On Wednesday night, Gov. Nixon gave his seventh State of the State address. His reception was polite, but cold. And his speech was long on rhetoric, but short on details.
He said the legislature should strongly consider toll roads and raising the gas tax to solve a transportation funding shortfall. But he stopped short of explicitly endorsing either. (I’m a yes on tolls and a no on raising the gas tax.)
He called education the “great equalizer” (it is) and asked the legislature to deliver a “clean” transfer bill to his desk. In this case, “clean” is a euphemism for something that passes his ideological litmus test. This was probably the most awkward moment of the speech. When he expressed confidence that the legislature would pass a “clean” bill to his desk, Gov. Nixon was met with silence.
Last year, a bi-partisan, cross-regional coalition of lawmakers endured months of long nights and tense negotiations to put an education reform bill on Gov. Nixon’s desk. We debated big issues and haggled over minutiae. We laughed and swore. Finally, we passed a bill with a veto proof majority in the Senate and a large majority in the House. Meanwhile, Gov. Nixon never offered a plan. His only engagement was with his veto pen. To his credit, however, Gov. Nixon has already engaged legislative leaders on the transfer issue this year. But after his long self-imposed absence, he cannot reasonably expect appreciation.
Gov. Nixon later called for ethics reform, agreeing with my earlier comments that Missouri has the weakest ethics laws in the country. But again, he failed to offer any details.
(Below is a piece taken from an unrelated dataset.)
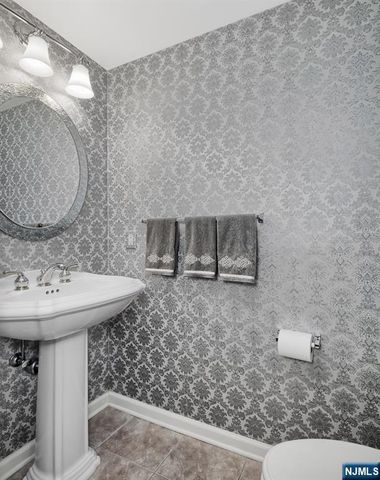 234 Price Court, West New York, NJ 07093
Finally, in the strangest part of the speech, Gov. Nixon stopped just short of declaring war on Kansas, which has proposed a 360-mile aqueduct to steal our water from the Missouri River. I doubt there’s any member of the General Assembly who wants Kansas to steal our vital resources. But what’s the action item for the General Assembly? We can’t tell Kansas what to do any more than Kansas can tell us what to do. The battleground likely will be with the Army Corps of Engineers, Congress, or, if necessary, the Supreme Court. But other than beating our chests and passing non-binding resolutions, there’s not much the Missouri legislature can do.
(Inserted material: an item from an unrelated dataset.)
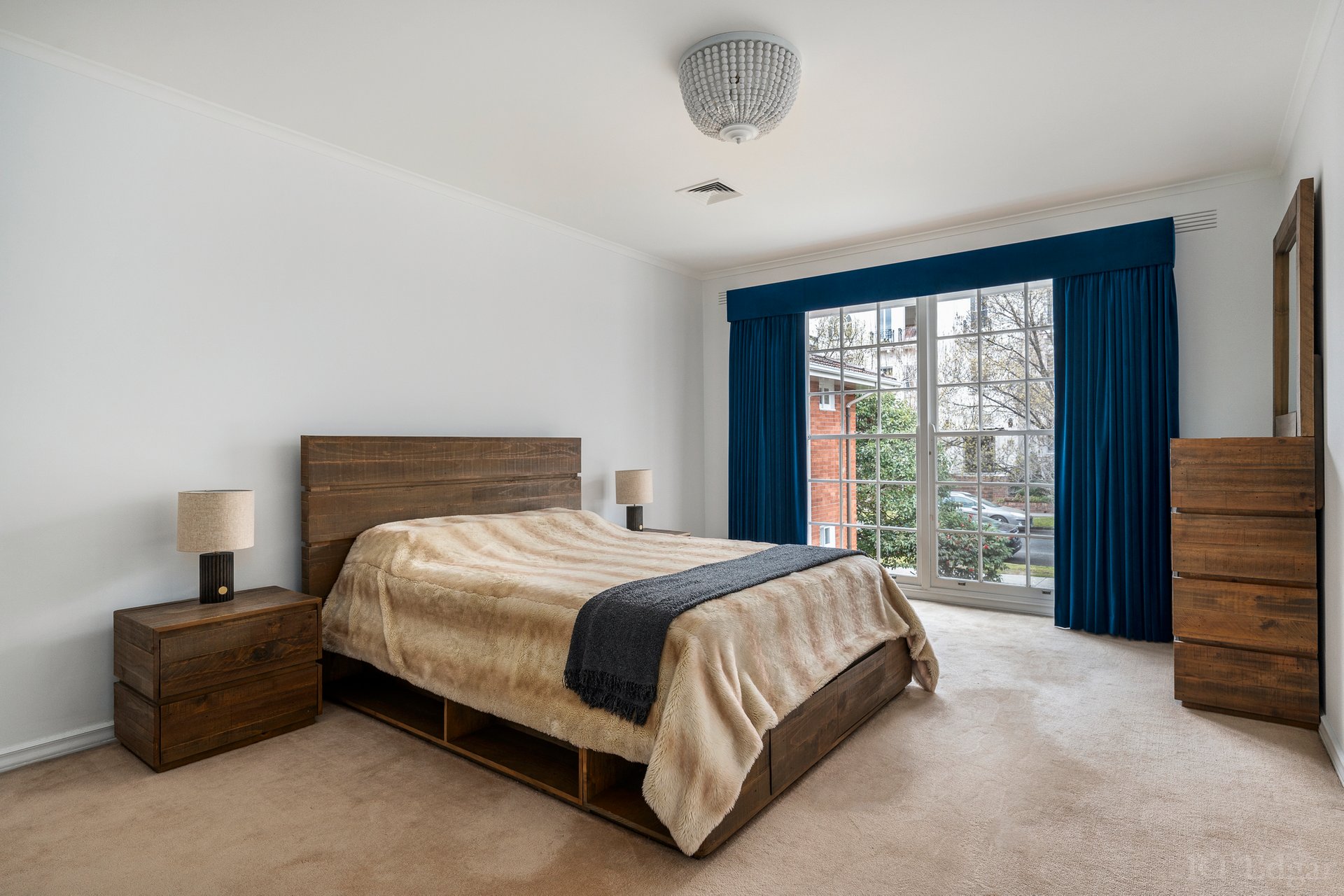 Property Gallery Thumbnail 7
Disappointed with Proposed State Budget
After modest pay increases in three of the last four years, Gov. Nixon did not propose a pay increase for state employees in this year’s budget. This is disappointing. There are other budget items that should be lower priority. One example – an apparent plan to spend $70 million on water infrastructure that would be more appropriate to be borne by ratepayers in the affected areas rather than general taxpayers. On the bright side, health insurance premiums for state employees will not increase. While other Missourians have suffered from rising health insurance costs due to Obamacare, the state budget has consistently held state employees harmless – and Gov. Nixon’s budget proposal continues the practice.
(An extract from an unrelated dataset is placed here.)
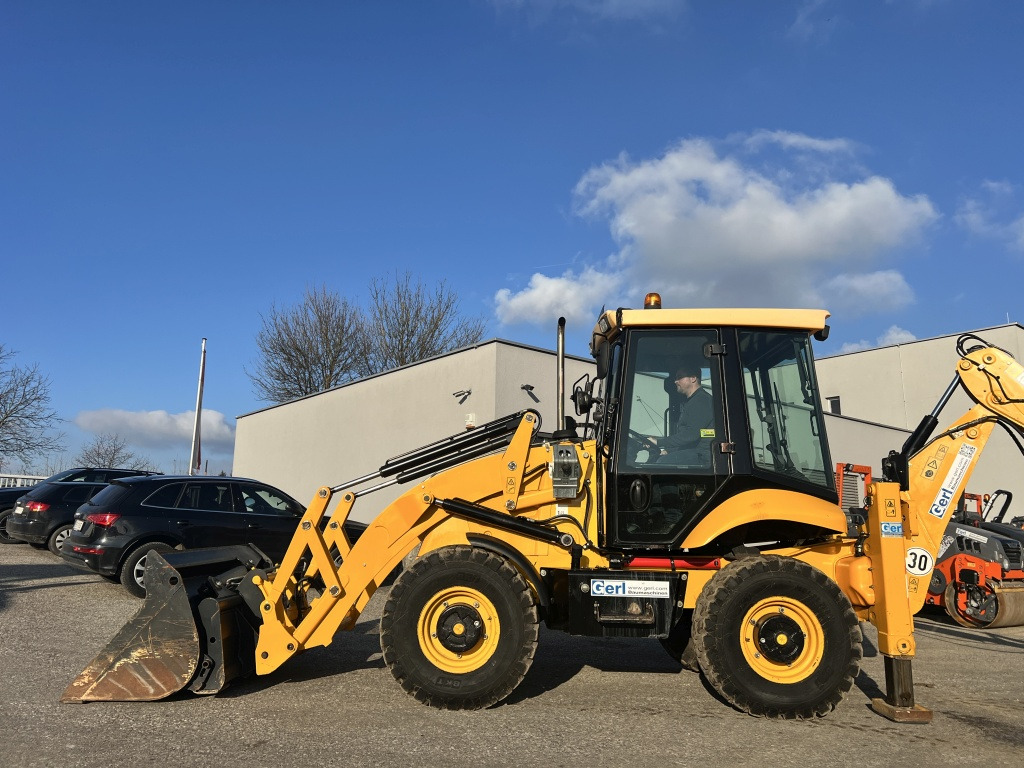 JCB 2 CX-S (111417) - Baggerlader: das Bild 2 JCB 2 CX-S (111417) - Baggerlader: das Bild 2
With pay raises absent from the initial proposal, it will be very difficult to get them in the budget at the end – and, of course, they’d be subject to line-item veto. Nevertheless, I will try and am confident that other representatives and senators from mid-Missouri will as well.
State of the Judiciary
On Thursday, Chief Justice Mary Russell delivered the annual State of the Judiciary address. She began her speech with a short note about the crucial role that the right to trial by jury plays (and has always played) in our constitutional republic. It is a right which traces all the way back to the Magna Carta. It was a right cited as a reason for severing ties with England in the Declaration of Independence (“For depriving us in many cases of the benefits of Trial by Jury.”) And it’s a right present in both our federal and state constitutions.
The State of the Judiciary, however, is much different from the State of the State. It’s not appropriate for a judge to opine on the political issues of the day. By necessity then, the speech is limited to extolling general principles of law and explaining how Missouri courts are improving processes and procedures.
Judge Russell’s reception was warm and welcoming. Her “undercover judge” work over the past year has endeared her to legislators and Missourians who appreciate her willingness to personally examine the real-world work of Missouri courts. Her attitude and accessibility is a great example for other judges and for all public officials.
No to Politician Pay Raise Resolution Advances
On Tuesday, the House approved the resolution I sponsored to reject the proposed politician pay raises recommended by the Citizen’s Commission on Elected Official Pay. The final vote was 135 to 13. It now moves to the Senate for consideration, and will be heard by the Senate Committee on Rules Tuesday morning.